He Reo Tuku Iho: Tangata Whenua and Te Reo Māori
Reclaiming a language is a slow-burning process, both deeply personal and intricately connected to the socio-economic, historical and political conditions in which we live. In He Reo Tuku Iho: Tangata Whenua and Te Reo Māori, Awanui Te Huia focuses on the lived experiences of tangata whenua and explores ways in which they can reclaim te reo.
Drawing upon findings from the national research project Manawa ū ki te reo Māori, which surveyed motivations and barriers for Māori language acquisition and use, Te Huia encourages readers to explore how they can journey back towards te reo Māori in daily life. We hear from tangata whenua learning te reo, and from those who are fluent, while considering challenges to language reclamation – such as experiences with racism, whakamā, historical trauma and resourcing – and ways to overcome these.
At the heart of He Reo Tuku Iho is the knowledge that it is possible for Māori to return te reo to minds, hearts and mouths.

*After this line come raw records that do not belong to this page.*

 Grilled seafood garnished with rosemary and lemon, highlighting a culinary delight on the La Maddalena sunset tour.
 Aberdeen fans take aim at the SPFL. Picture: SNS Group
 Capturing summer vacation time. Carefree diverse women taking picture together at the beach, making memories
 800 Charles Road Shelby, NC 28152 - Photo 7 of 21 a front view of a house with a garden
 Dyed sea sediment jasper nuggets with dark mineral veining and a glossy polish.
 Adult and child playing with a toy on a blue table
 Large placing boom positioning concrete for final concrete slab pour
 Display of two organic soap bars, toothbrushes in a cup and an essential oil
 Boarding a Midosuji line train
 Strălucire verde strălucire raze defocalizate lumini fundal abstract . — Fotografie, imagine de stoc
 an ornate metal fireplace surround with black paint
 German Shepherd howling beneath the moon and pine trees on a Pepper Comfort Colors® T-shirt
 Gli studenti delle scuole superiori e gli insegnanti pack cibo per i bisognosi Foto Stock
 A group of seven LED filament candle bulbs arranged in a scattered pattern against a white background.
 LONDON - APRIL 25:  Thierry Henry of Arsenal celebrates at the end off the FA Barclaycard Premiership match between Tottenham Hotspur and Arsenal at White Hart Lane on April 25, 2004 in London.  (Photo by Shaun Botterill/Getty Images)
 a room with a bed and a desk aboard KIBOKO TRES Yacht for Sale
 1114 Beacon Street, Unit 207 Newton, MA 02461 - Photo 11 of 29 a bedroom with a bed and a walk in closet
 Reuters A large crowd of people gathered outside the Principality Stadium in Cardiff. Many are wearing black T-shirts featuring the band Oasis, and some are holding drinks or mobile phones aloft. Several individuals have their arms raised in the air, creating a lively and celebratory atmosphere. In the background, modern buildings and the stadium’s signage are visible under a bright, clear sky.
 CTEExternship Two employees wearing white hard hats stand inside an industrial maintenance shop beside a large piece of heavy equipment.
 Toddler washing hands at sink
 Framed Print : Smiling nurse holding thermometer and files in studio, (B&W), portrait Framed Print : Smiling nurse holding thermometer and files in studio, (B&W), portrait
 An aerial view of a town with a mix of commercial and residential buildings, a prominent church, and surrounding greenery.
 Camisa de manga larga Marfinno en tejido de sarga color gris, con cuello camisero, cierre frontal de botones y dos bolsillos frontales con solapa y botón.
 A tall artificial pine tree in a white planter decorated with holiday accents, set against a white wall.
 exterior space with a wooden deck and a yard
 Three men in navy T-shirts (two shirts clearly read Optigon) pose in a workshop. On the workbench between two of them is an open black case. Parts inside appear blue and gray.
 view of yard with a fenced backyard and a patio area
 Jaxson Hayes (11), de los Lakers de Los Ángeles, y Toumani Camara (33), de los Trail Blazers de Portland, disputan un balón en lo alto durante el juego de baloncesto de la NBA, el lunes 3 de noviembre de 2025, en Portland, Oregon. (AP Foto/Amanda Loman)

As Te Huia writes: ‘The aroha connection that we all have with our tūpuna, our living relations, and those yet to come, are tied together in our collective desire for te reo Māori to thrive now and in the future.’
Awanui Te Huia (Ngāti Maniapoto) is a researcher and lecturer at the School of Māori Studies Te Kawa a Māui. She has a PhD in psychology that focuses on factors that support heritage language development for Māori learners of te reo Māori. As well as focusing on Māori language learning, she also researches the ways in which Māori and Pākehā learn about colonial history, and how such knowledge contributes to our concepts of biculturalism in Aotearoa. In 2019, for Te Mātāwai, she led the project Manawa ū ki te reo Māori.